Educators urge state legislators to reconsider ban on mask mandates in schools
COLUMBIA, SC (WOLO) — In South Carolina, state law prohibits school districts from enforcing mask mandates as well as limits the amount of students allowed to learn virtually.
Tuesday, educators and other leaders in teaching called on the state legislature to reconvene and repeal these laws.
“By not allowing districts to not make masking and safety decisions, the legislators are responsible for the interruptions this has caused in our day-to-day operations,” said high school teacher Sherry East.
Many school districts across the state have had to revert to remote learning at some point this fall semester.
“We want our children back in schools but if we want our children to stay in schools, we must take the measures to keep them healthy and safe. We want to be sure the policymakers are no longer using yesterday’s information to make decisions. We want them to use today’s information to make today’s decisions,” said Dr. Robert Saul, South Carolina chapter president of the American Academy of Pediatrics.
One of those decisions educators would like to make is the ability to enforce a mask mandate.
“Until enough people are vaccinated, it is of the utmost importance that we use a multilayered approach,” said school nurse Patricia Ulch.

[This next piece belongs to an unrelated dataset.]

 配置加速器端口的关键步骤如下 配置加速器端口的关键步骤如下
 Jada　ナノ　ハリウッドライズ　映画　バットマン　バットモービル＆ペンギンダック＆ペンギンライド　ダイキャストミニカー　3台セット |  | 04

They believe that individual school districts should make the decision on masks.
Lexington One Superintendent Greg Little states that according to a recent poll taken. Almost 70 percent of the district’s parents supported masks in order to keep their kids safe and in the classroom.

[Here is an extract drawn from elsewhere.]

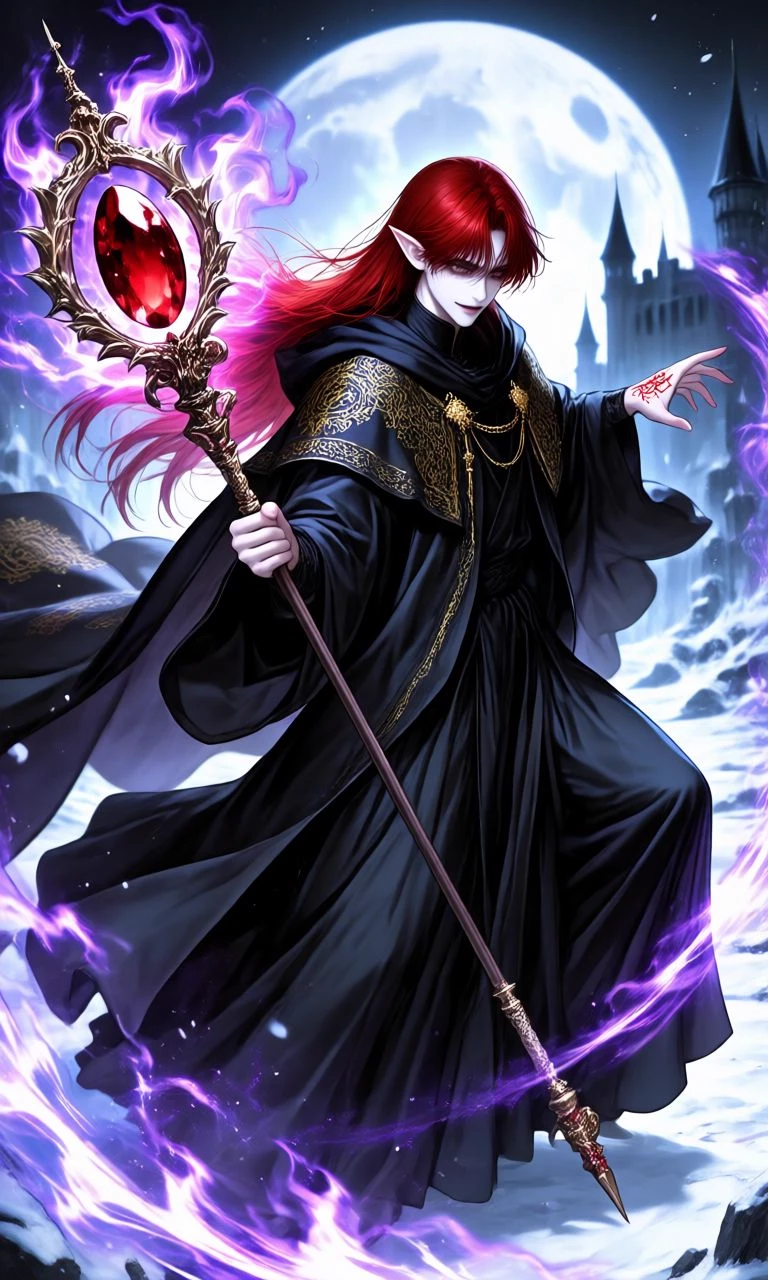 黑魔法師 Eric  thumbnail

“We need to make sure we have the tools available to do that,” said Little. “When our car is broken, we don’t call the mechanic and say ‘We want you to fix our car but bring half your toolset.’”
The governor has stated his opposition to mask mandates saying that they disrupt learning.
“Scientific studies demonstrate that masks do not cause negative effects on mental health or learning,” said pediatrician Dr. Debbie Greenhouse.
Dr. Greenhouse also adds that COVID is causing negative impacts on children.
“Our primary care pediatricians are overwhelmed and struggling to keep up with the number of sick kids in South Carolina.” she said.
She reports that currently 30 kids in South Carolina are hospitalized with COVID, nine in ICU, three on ECMO life support machines. She says none have been vaccinated.
It’s not just doctors who are facing burnout but also teachers.
“The ongoing stress and demands associated with this work is driving talented educators out of the profession and increasing our teacher shortage crisis,” said Kathy Maness, director of Palmetto State Teachers Association.
Democrat state lawmakers have called on the general assembly to hold an emergency session to discuss repealing the state laws that prohibit mask mandates, but so far have yet to do so.